The pros and cons of reverse mortgages
With the high value of real estate, many people have a lot of equity in their properties, making them house rich and cash poor. That may have some retirees considering a reverse mortgage to help make ends meet. But experts say you should make sure you understand the pros and cons of this type of loan before making a decision.
If you’re over 55 years old you may qualify for a reverse mortgage if you have enough equity in your home. You could get a lump sum payment or monthly income stream, up to 50 per cent of your home’s value. The money is tax-free, income is not a qualifying factor, and you don’t pay a dime on the loan until the house is sold.
But Scott Evans of BlueShore Financial says a reverse mortgage should only be considered if you’ve exhausted all your other options. That’s because these types of loans typically have higher interest rates than other types of mortgages and the interest continues to compound until you pay off the debt.

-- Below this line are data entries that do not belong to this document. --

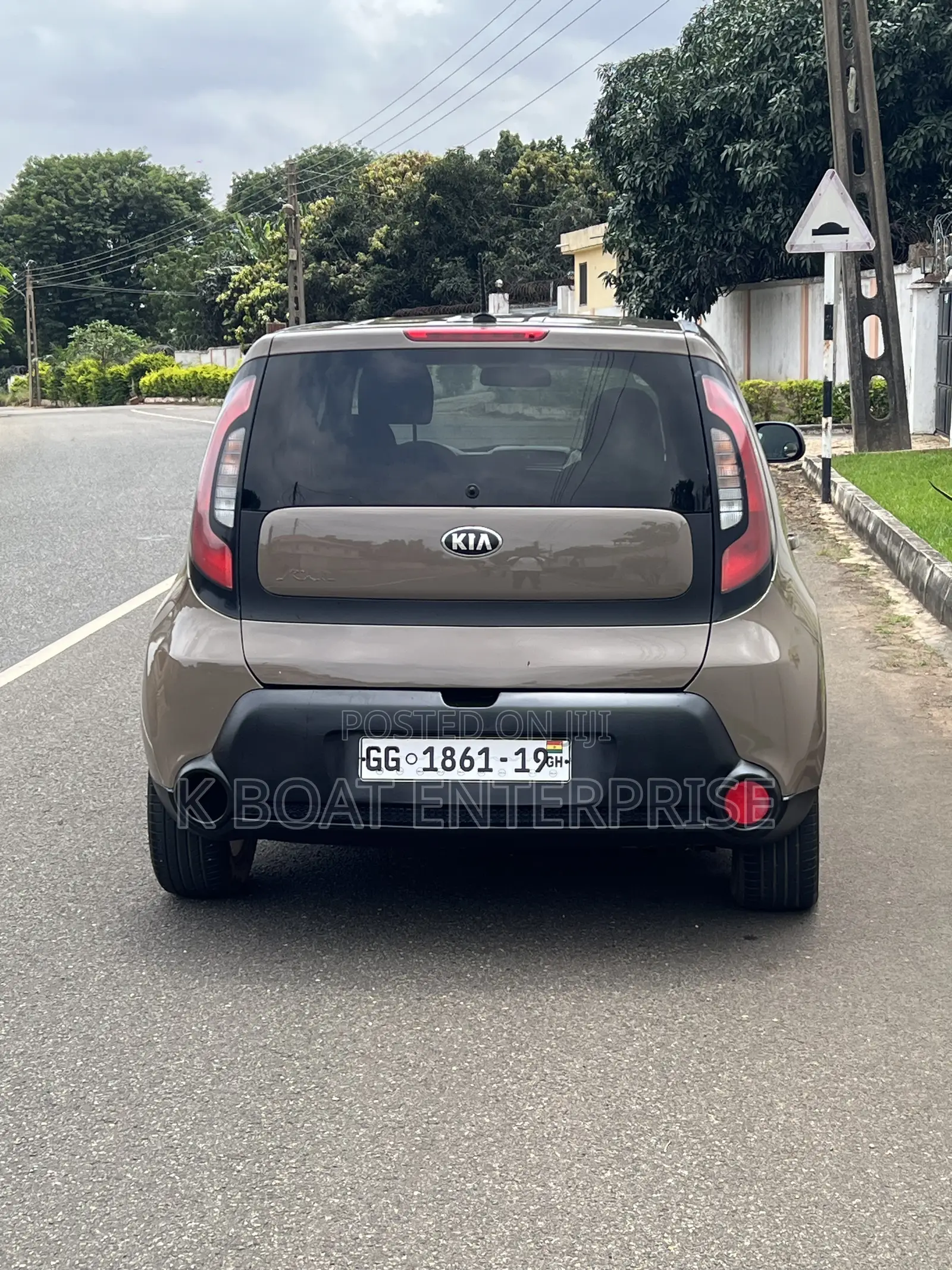 Kia Soul 2015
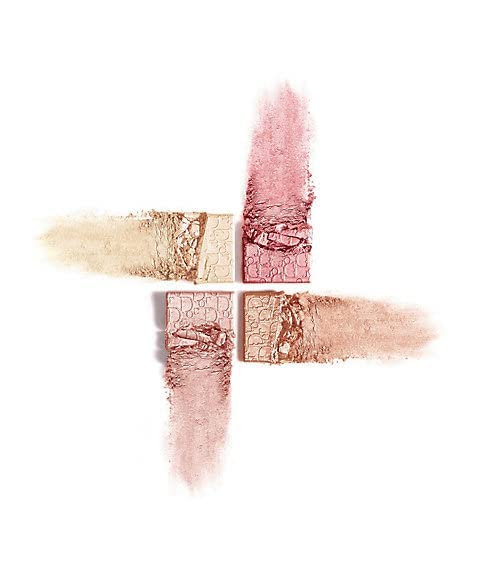 Christian Dior Dior Backstage Glow Face Pallete - 004 Rose Gold Makeup Women 0.35 oz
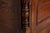 Large 19th Century English Georgian Oak Housekeepers Cupboard, 1820 For Sale - Image 17 of 18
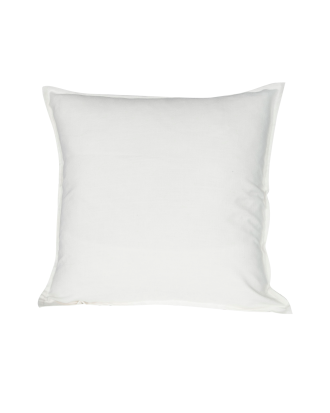 Hasta - Kuddfodral Lina 50x50 - Vit - 50X50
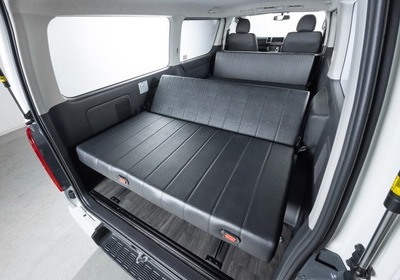ハイエース「UNITY VAN」ユニティバン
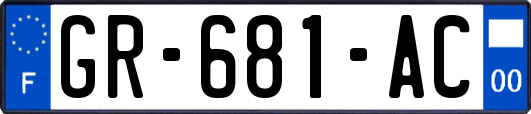 GR-681-AC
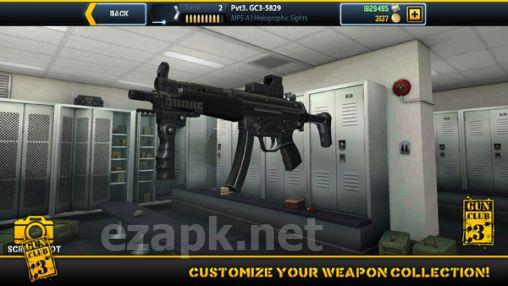 Gun club 3: Virtual weapon sim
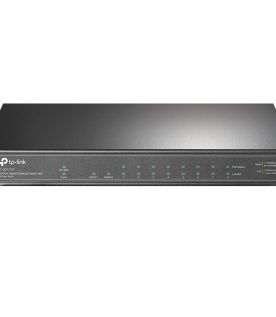 Switch no Administrable de 10 Puertos Gigabi TP-LINK TL-SG1210P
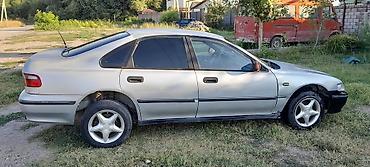 акк бф: Honda Accord: 1996 г., 2 л, Механика, Бензин, Седан — 3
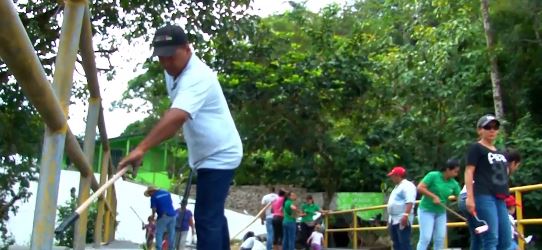  En el Concejo quieren institucionalizar las jornadas de embellecimiento de Villavicencio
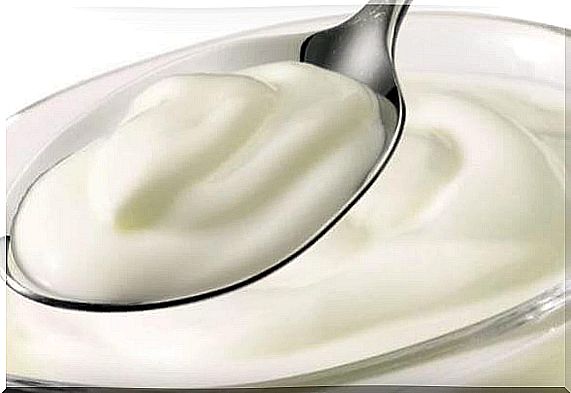 Here you can use Greek yogurt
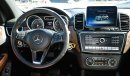 مرسيدس بنز GLE 400 4Matic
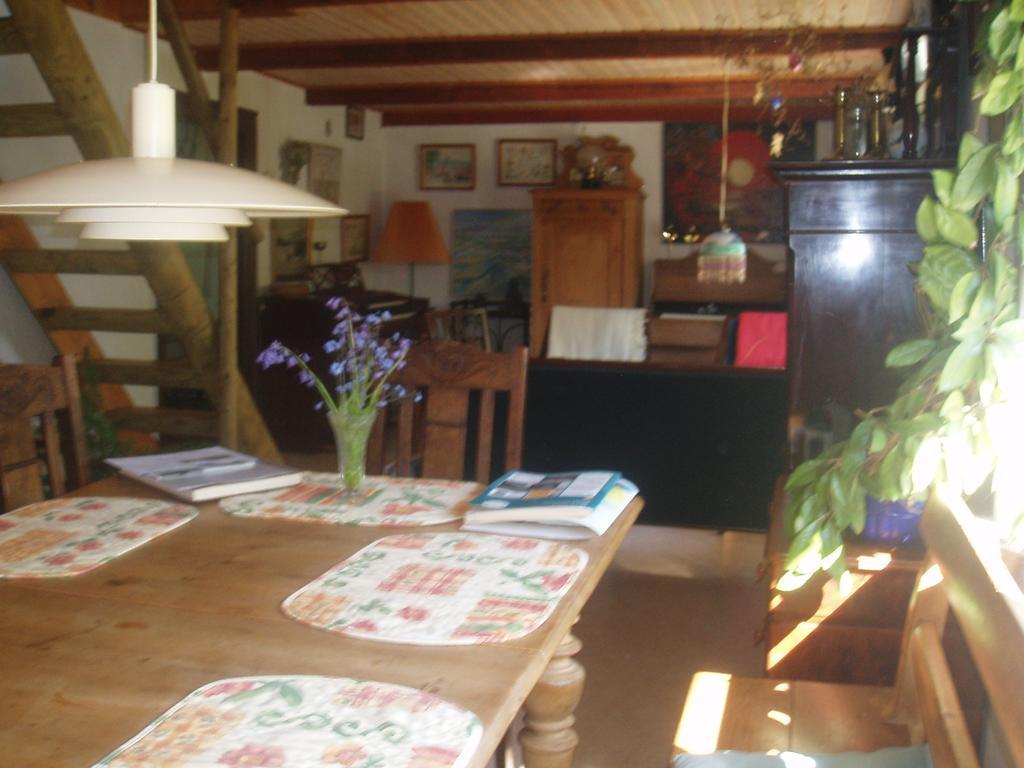 Country House Karby Экстерьер фото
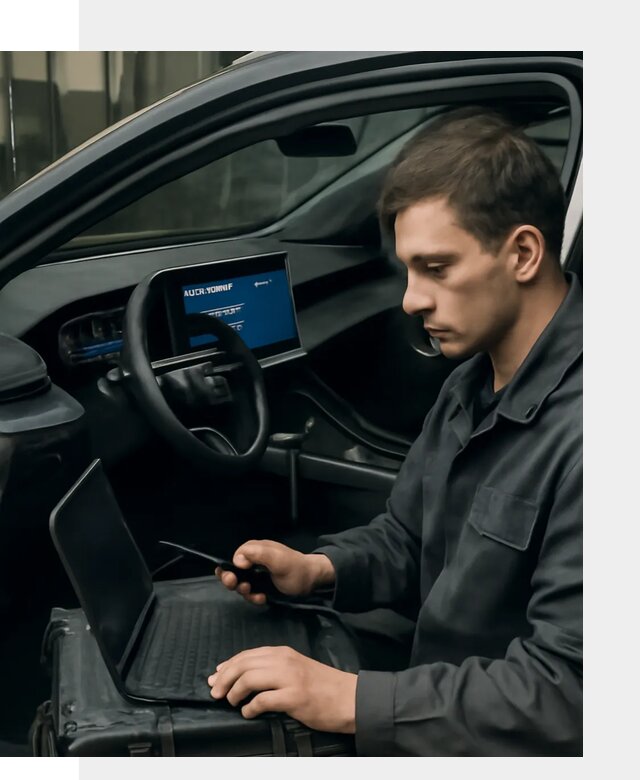 Профессиональная русификация Geely Bouye L Cool в Югорске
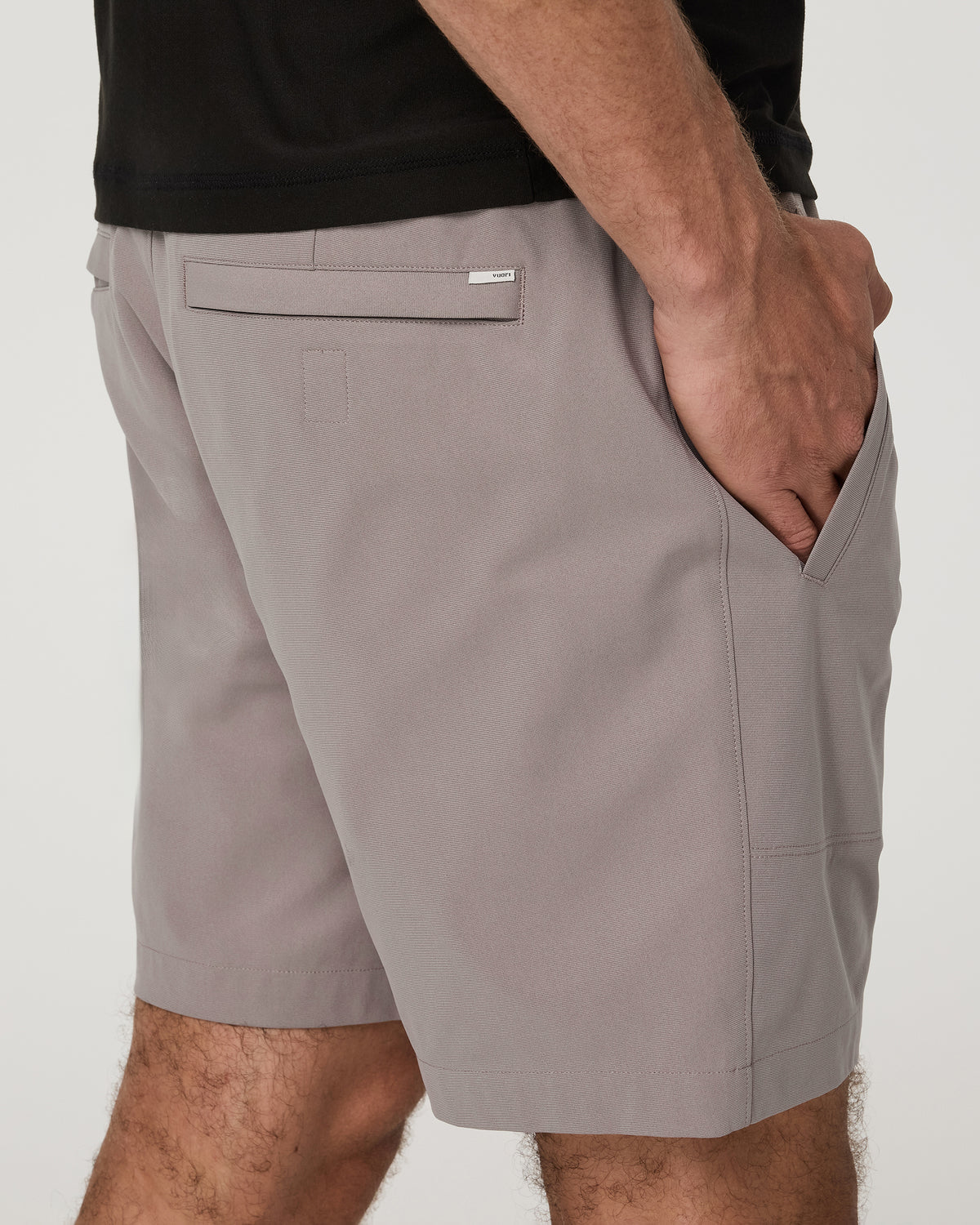 Meta Easy Short Men's Mocha Shorts | Vuori sale - US 1778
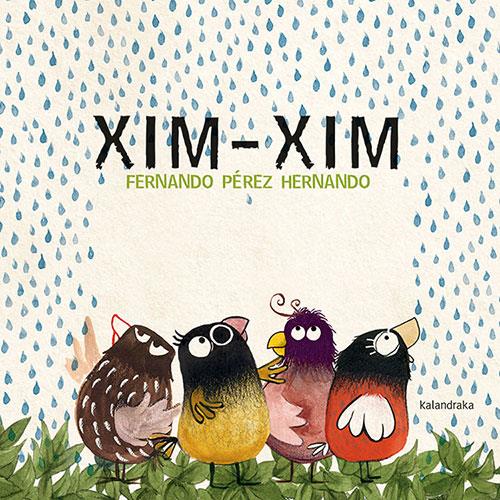 Xim-xim | 9788418558306 | Pérez Hernando, Fernando | Llibreria Sendak
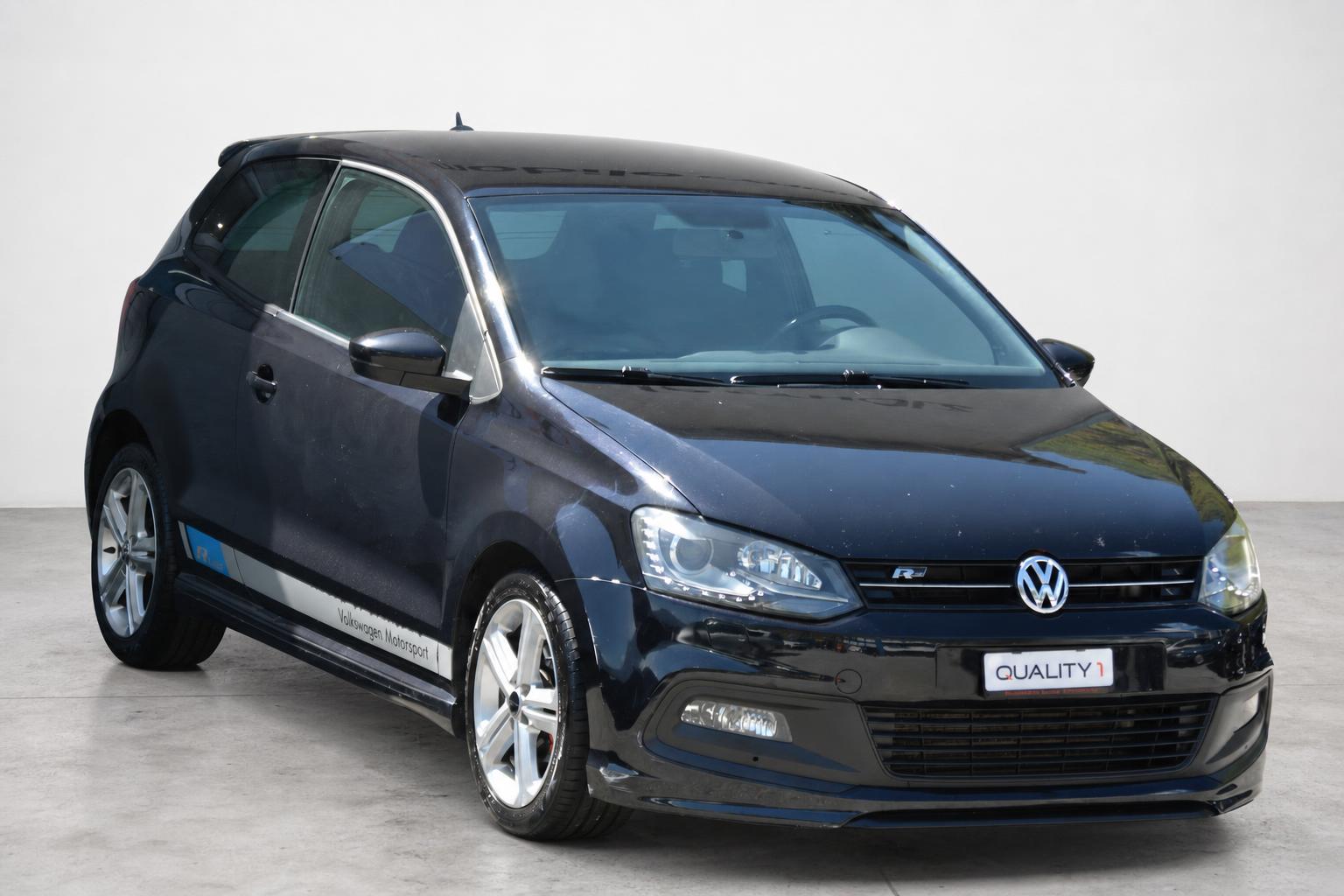 VW Polo 1.6 TDI R-Line Design-image-3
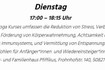 Bild 3 von Yoga und Meditation Köln- AWO Kinder- und Familienhaus Pfiffikus Partnergalerie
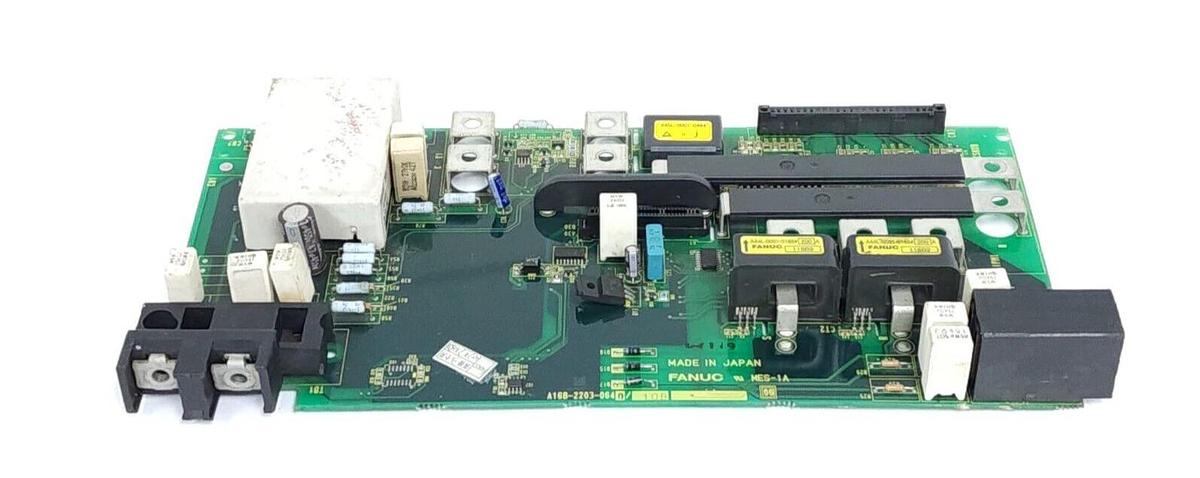 Used FANUC A16B-2203-0640/10B / A16B2203064010B SPINDLE BOARD A16B-2203-0640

For example, if you took $100,000 out of your home at 6.49 per cent and you don’t pay anything back but at the end of five years the compounded interest combined with the original debt would total $137,632.
“What that results in is erosion of your equity in your home,” said Evans.
If a person lives long enough the debt on a reverse mortgage could exceed the fair market value of the home. But that payment is not due until the homeowner dies and when the house is sold, the lender cannot collect more than it’s worth.
Reverse mortgages also have additional set up costs and fees, which would be deducted from your loan.
Instead, Evans recommends looking into other options like downsizing, deferring your property tax, taking on a tenant or considering a home equity loan at a lower interest rate and with payments you can afford.
But for some retirees who want to stay in their home, a reverse mortgage gives them an option.
“Often it may not make financial sense but it may make emotional sense for someone,” Evans explained. The costs associated with getting a reverse mortgage can run into the thousands of dollars. If you decide to get a reverse mortgage you can try to limit those costs by negotiating the fees. You can also consider taking a monthly income stream instead of a lump sum payment. That way you only pay interest on the money outstanding.